I like the concept of the question (using a domain-specific language to specify a fractal) and your implementation. An object-oriented rewrite could make it better, but it's not bad as it is.

l_system() could be better written as

def l_system(V, w, P, n):
…
cmd_seq = w
for _ in range(n):
cmd_seq = itertools.chain(*(P.get(cmd, cmd) for cmd in cmd_seq))
return ''.join(cmd_seq)


Namely,

• cmd_seq would be more meaningful than current. cmd would be more meaningful than x.
• Use _ for a variable whose value is disregarded.
• String are directly iterable; you don't have to convert them into lists first.
• Dictionary lookup with a default can be done using get(key, default).
• Instead of re-forming the string with each iteration, just chain them, and join the result just once at the end.

Aside from that, I just have a few minor remarks:

• The parameters are l_system(V, w, P, n) but run_turtle(var, start, rules, iters, …) — why not use consistent notation?
• As you said, the l_system() function doesn't really need V. I would prefer to just leave it out altogether.
• In various places, you refer to the turtle's heading as terry.heading(), startdir, and angles. I suggest using consistent terminology based on "heading".
• update_bounds(bounds) takes a bounds array as an explicit parameter, but takes terry through its scope chain. I'd prefer to see either both variables as explicit parameters, or both via the closure.
• Rather than having two separate stacks for positions and angles, I would prefer to see one turtle_state stack that stores (position, heading) tuples.
• The epilogue could use a comment, like # Extend the shorter dimension of the window to make it square
• Do you think the demo functions are fine the way they are, or could they be modified?
– qwr
Dec 17, 2015 at 13:20
• One thing you could do is add another level of indirection, and put all those demo curve definitions in a dictionary or a config file. Dec 17, 2015 at 16:05

You seem to expect your var (or V) parameter to contain exactly P.keys().

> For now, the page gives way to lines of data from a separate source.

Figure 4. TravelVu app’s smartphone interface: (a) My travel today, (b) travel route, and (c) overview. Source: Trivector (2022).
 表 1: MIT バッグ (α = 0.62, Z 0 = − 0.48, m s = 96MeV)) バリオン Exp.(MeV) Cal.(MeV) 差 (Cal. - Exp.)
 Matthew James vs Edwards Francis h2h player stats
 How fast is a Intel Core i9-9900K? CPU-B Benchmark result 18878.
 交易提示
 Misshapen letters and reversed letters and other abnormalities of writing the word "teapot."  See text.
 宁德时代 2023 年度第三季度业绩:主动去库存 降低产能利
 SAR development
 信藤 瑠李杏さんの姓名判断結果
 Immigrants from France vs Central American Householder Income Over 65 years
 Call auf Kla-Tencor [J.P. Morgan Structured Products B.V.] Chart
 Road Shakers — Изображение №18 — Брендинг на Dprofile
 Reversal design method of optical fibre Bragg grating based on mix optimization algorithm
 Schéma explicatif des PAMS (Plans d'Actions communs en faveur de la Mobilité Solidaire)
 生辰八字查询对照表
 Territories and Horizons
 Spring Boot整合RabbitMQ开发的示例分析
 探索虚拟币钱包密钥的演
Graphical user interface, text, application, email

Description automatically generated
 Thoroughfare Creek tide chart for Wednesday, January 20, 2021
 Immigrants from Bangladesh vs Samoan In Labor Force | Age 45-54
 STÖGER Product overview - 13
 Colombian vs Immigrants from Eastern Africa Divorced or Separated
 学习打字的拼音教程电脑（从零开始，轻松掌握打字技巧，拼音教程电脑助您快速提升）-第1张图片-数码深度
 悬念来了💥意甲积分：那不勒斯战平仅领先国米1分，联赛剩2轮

First of, you could always check that using assert set(V) == set(P.keys()), which I find more understandable at first. Also note that assert is a keyword, not a function.

Second, and since you don't make use of V anyway, you could automate this check without having the user build V for you:

• You want every symbol found in start and each rewritten rule to be in "FCMN[]+-" + P.keys();
• [Optional] You want every symbol in P.keys() to appear in start or the rewritten rules so that there is no unused rules;
• [Optional] You want rules to operate on a single-character string, otherwise they won't be used.

You can get rid of both V and var, and check that, in l_system using:

assert all(len(R) == 1 for R in P), "Rules need to apply on 1 character only"
key_set = set(P.keys())
rules_set = set(itertools.chain(w, *P.values()))
assert key_set <= rules_set, "{} Rules Unused".format(key_set - rules_set)
key_set.update("FGMN[]+-")
assert rules_set <= key_set, "{} Symbols without Rules".format(rules_set - key_set)


Note this is just a rough sketch, you could wrap it in an if __debug__: (even if redundant with assert) to avoid building sets in optimized mode, you could turn some of them into warning messages with print("...", file=sys.stderr) and/or some of them into proper exceptions (possibly ValueError).